_Supplied material_.
━━━━
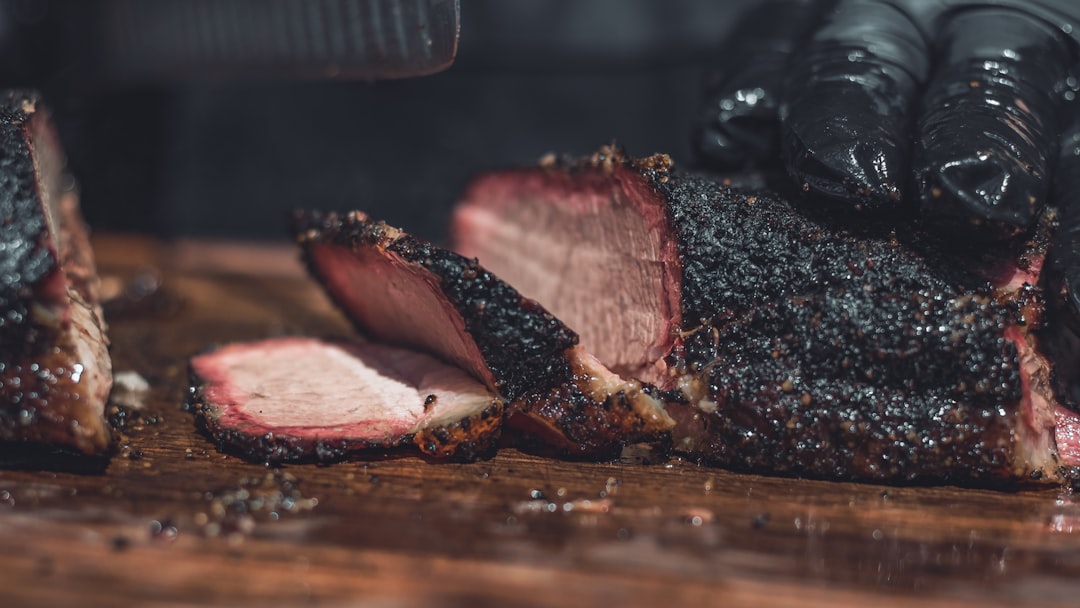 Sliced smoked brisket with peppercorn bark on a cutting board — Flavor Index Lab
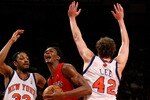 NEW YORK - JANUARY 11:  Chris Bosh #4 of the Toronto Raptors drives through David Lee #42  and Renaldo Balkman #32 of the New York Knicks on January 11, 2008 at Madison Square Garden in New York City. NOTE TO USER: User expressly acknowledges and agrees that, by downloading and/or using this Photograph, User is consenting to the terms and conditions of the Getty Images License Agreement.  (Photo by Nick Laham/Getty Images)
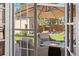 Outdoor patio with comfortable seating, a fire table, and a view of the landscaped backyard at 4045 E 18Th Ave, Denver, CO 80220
━━━━
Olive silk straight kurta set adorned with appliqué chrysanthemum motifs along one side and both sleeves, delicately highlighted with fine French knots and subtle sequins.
━━━━
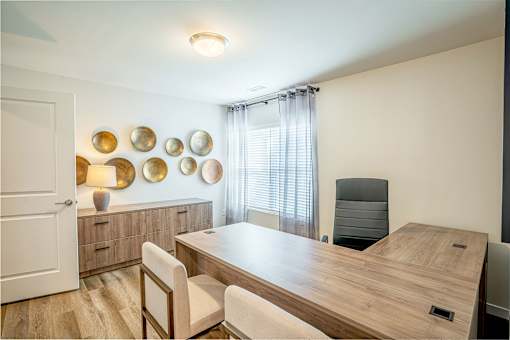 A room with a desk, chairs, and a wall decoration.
━━━━
_What is expected_. Starting at the line with "NEW YORK - JANUARY" and finishing at the line with "Outdoor patio with", copy the material above exactly, both lines included. Nothing else goes in, and no pictures.

_Answer area_.
 NEW YORK - JANUARY 11:  Chris Bosh #4 of the Toronto Raptors drives through David Lee #42  and Renaldo Balkman #32 of the New York Knicks on January 11, 2008 at Madison Square Garden in New York City. NOTE TO USER: User expressly acknowledges and agrees that, by downloading and/or using this Photograph, User is consenting to the terms and conditions of the Getty Images License Agreement.  (Photo by Nick Laham/Getty Images)
 Outdoor patio with comfortable seating, a fire table, and a view of the landscaped backyard at 4045 E 18Th Ave, Denver, CO 80220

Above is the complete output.